What you have to do - Omit the images, then output each of the records below exactly.

Image-caption web data -
........
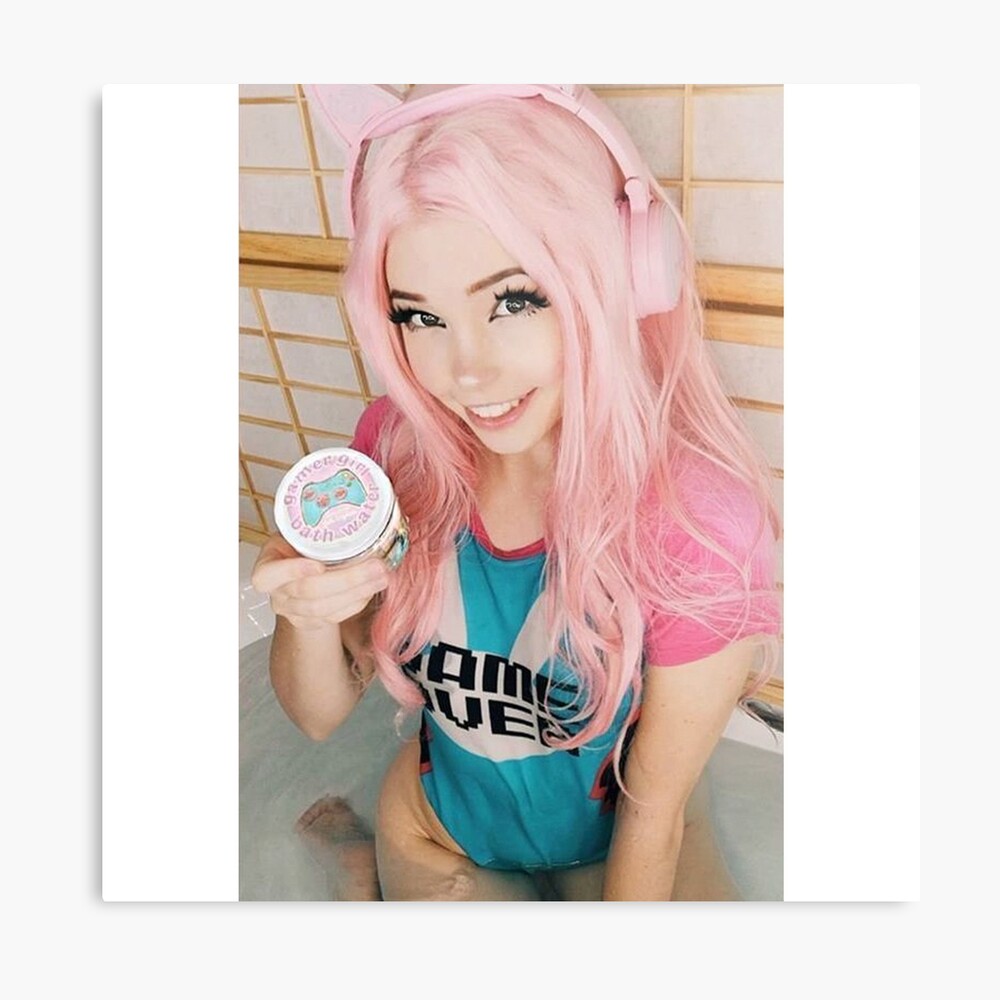 Belle Delphine Is Back Belle Delphine Is Back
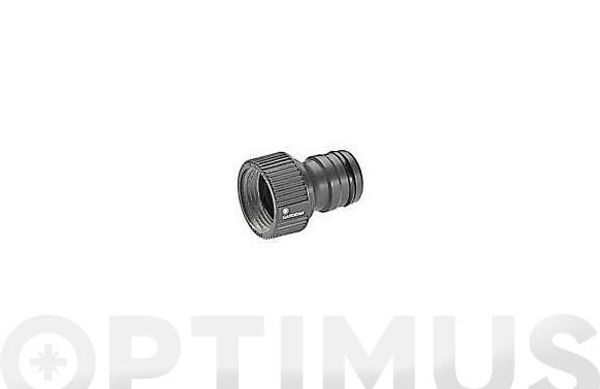 ADAPTADOR GRIFO ROSCA HEMBRA INTERIOR PROFI-SYSTEM 3/4"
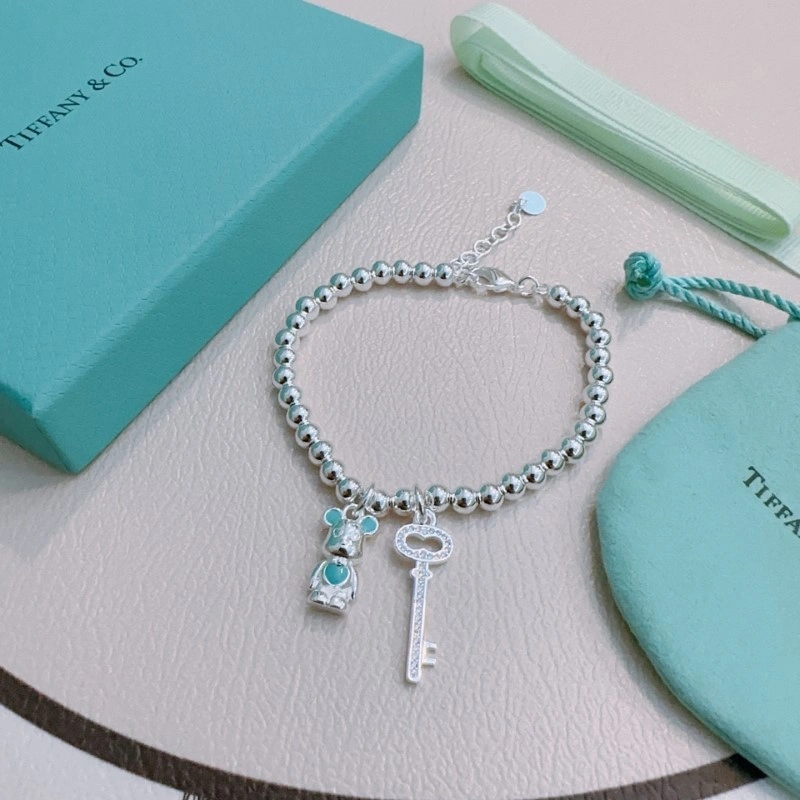 Tiffany Bracelets Stretchable 252470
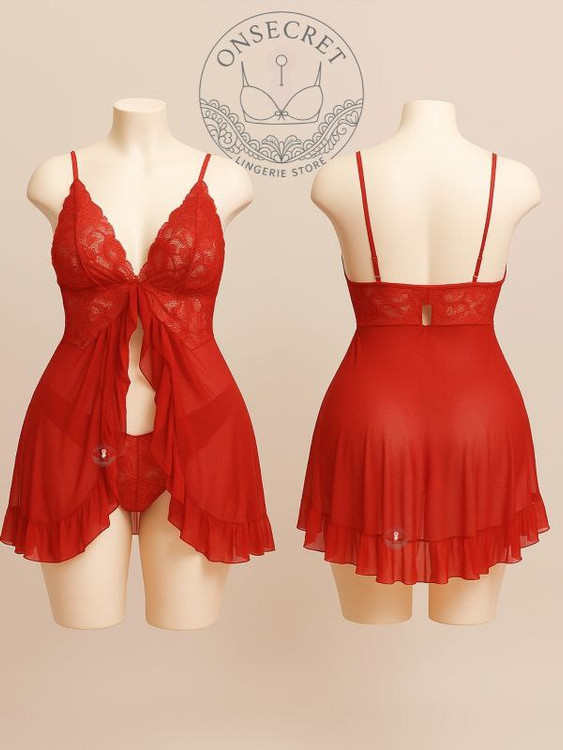 لباس خواب کوتاه زنانه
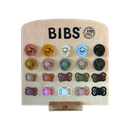 PRESENTOIR BIBS BOIS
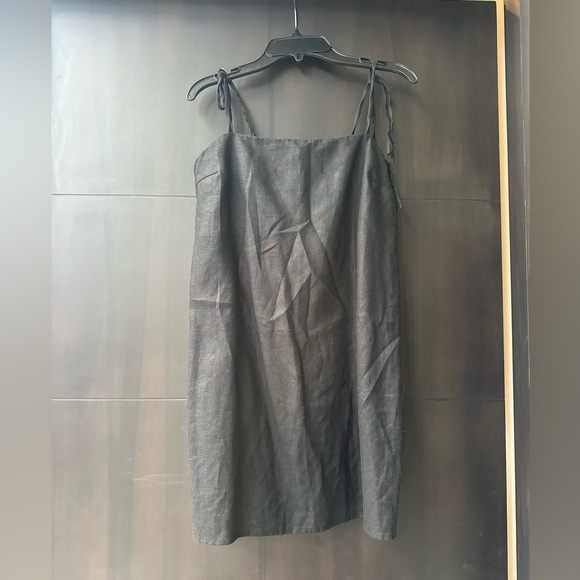 Reformation Aubree Linen Dress - Picture 5 of 7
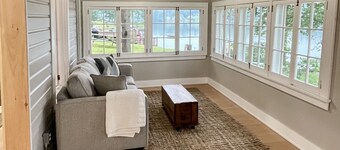 Crooked Lake Cabin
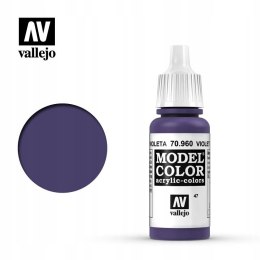 VALLEJO FARBA MODEL COLOR 047 VIOLET 70960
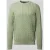Christian Berg Men Gebreide pullover met ribboorden
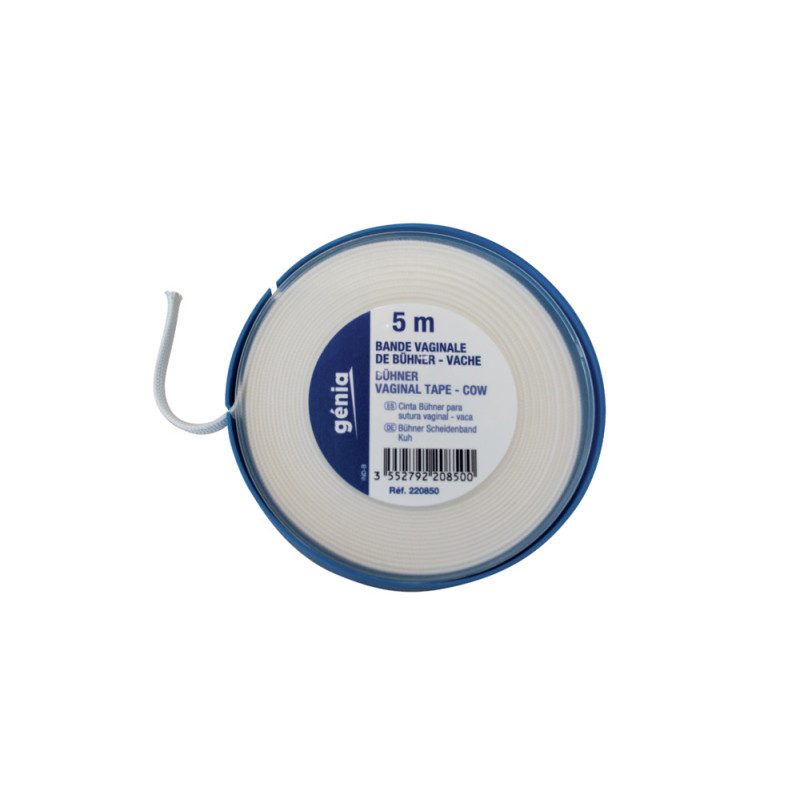 NASTRI VAGINALI DI BÜHNER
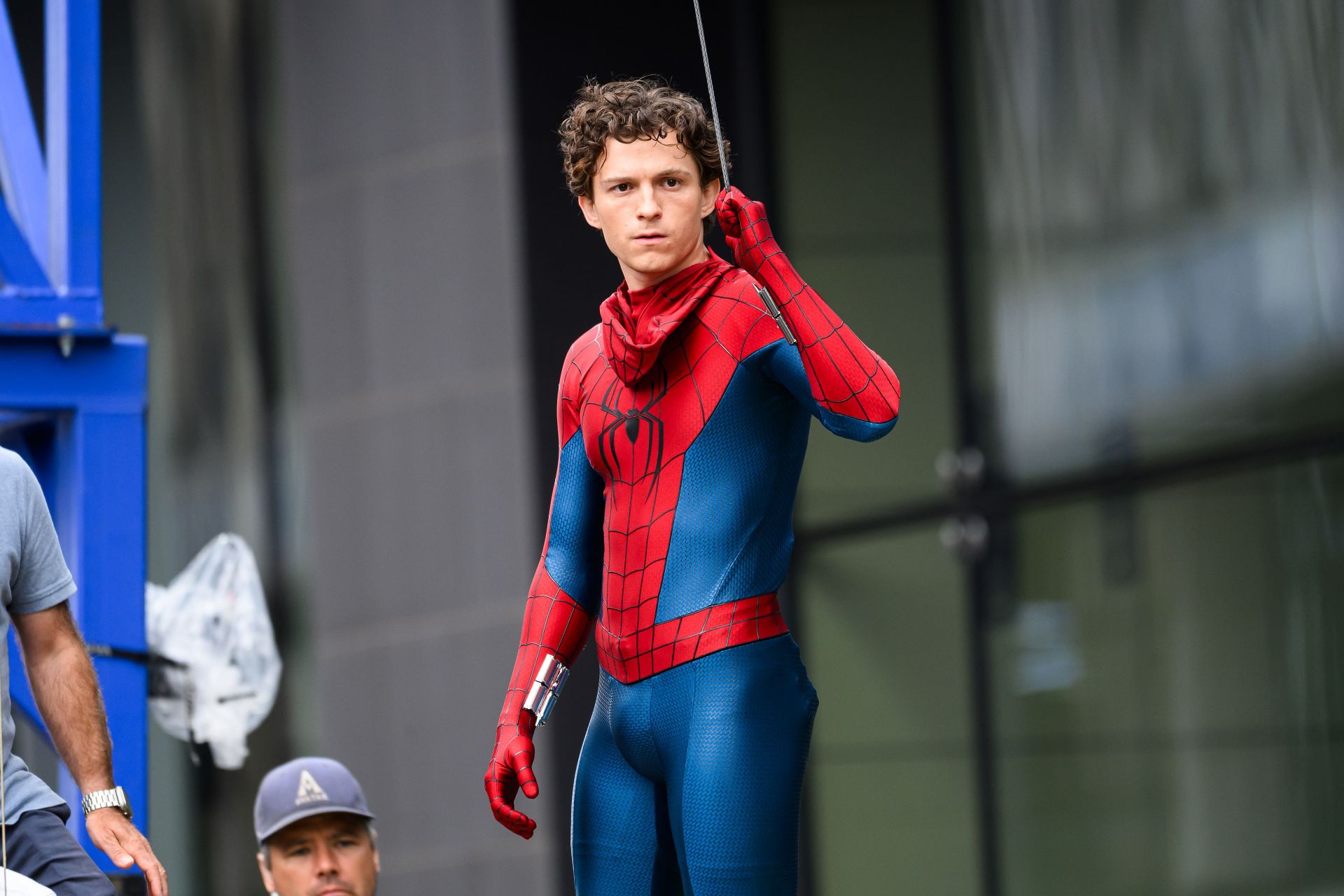 Celebrity Sightings In Glasgow - August 3, 2025 - Source: Getty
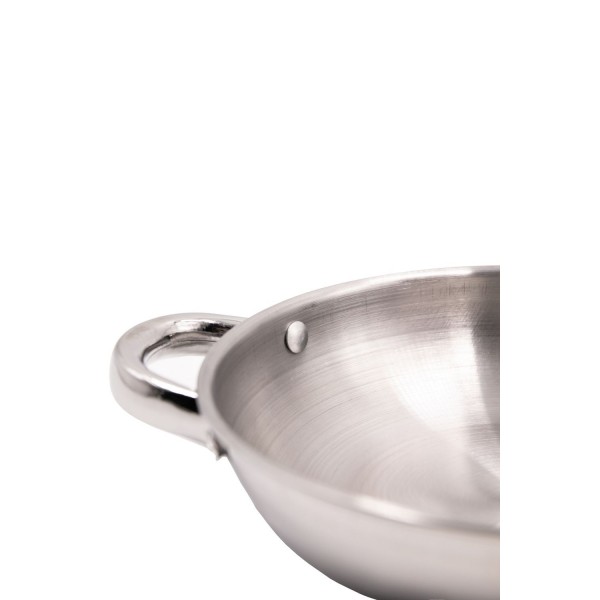 Миска Tramp нержавіюча з ручкою UTRC-050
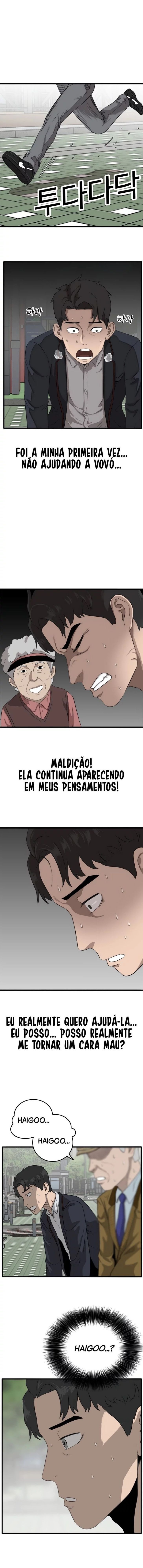 Bad Guy Capítulo 5 Página 6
........
Written answer -
 Belle Delphine Is Back Belle Delphine Is Back
 ADAPTADOR GRIFO ROSCA HEMBRA INTERIOR PROFI-SYSTEM 3/4"
 Tiffany Bracelets Stretchable 252470
 لباس خواب کوتاه زنانه
 PRESENTOIR BIBS BOIS
 Reformation Aubree Linen Dress - Picture 5 of 7
 Crooked Lake Cabin
 VALLEJO FARBA MODEL COLOR 047 VIOLET 70960
Christian Berg Men Gebreide pullover met ribboorden
 NASTRI VAGINALI DI BÜHNER
 Celebrity Sightings In Glasgow - August 3, 2025 - Source: Getty
 Миска Tramp нержавіюча з ручкою UTRC-050
 Bad Guy Capítulo 5 Página 6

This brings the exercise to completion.